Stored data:

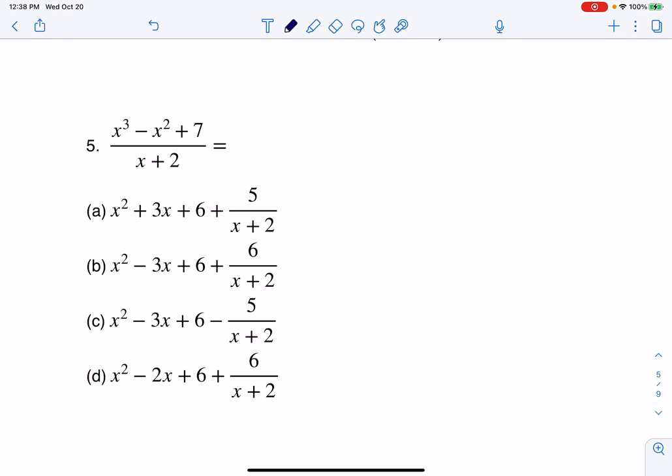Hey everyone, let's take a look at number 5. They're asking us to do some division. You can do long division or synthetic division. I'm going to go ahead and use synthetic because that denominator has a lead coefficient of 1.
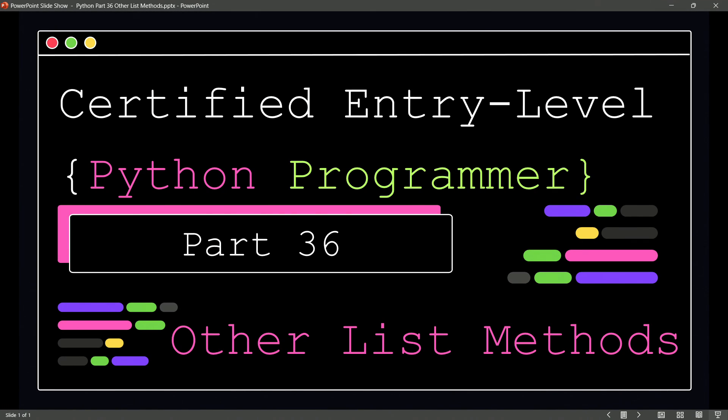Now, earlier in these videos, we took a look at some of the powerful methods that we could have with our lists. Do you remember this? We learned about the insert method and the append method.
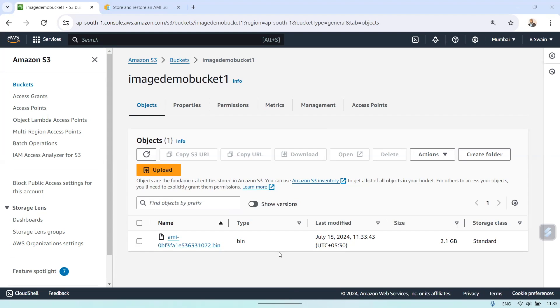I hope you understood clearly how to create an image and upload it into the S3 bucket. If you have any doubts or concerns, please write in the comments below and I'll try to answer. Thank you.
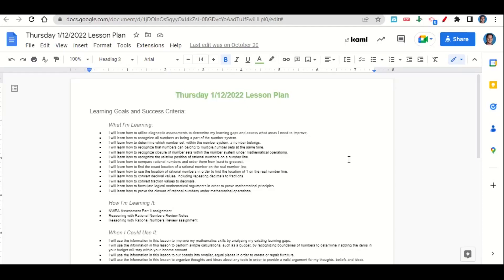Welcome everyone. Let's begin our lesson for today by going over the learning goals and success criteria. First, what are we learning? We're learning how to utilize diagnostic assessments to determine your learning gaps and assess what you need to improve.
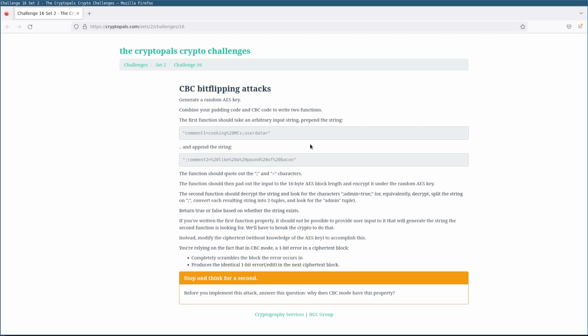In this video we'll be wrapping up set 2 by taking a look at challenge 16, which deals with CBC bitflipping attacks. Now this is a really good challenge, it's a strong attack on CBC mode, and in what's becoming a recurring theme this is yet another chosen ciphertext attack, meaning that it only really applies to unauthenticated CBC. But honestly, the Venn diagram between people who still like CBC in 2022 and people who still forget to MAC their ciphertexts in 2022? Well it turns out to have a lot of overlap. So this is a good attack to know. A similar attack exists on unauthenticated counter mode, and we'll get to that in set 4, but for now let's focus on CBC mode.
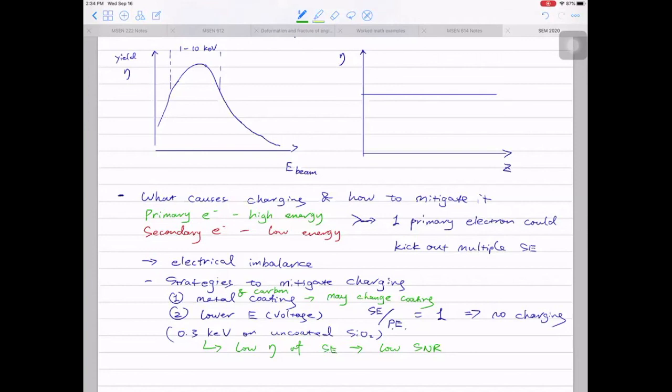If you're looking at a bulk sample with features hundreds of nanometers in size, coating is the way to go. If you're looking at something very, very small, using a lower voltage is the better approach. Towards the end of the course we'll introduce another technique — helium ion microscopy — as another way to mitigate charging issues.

§ Task to complete
Reproduce, word for word, every line from the start of the records down to and including the line with "I hope you understood"; skip the pictures.

§ Your solution
Hey everyone, let's take a look at number 5. They're asking us to do some division. You can do long division or synthetic division. I'm going to go ahead and use synthetic because that denominator has a lead coefficient of 1.
Now, earlier in these videos, we took a look at some of the powerful methods that we could have with our lists. Do you remember this? We learned about the insert method and the append method.
I hope you understood clearly how to create an image and upload it into the S3 bucket. If you have any doubts or concerns, please write in the comments below and I'll try to answer. Thank you.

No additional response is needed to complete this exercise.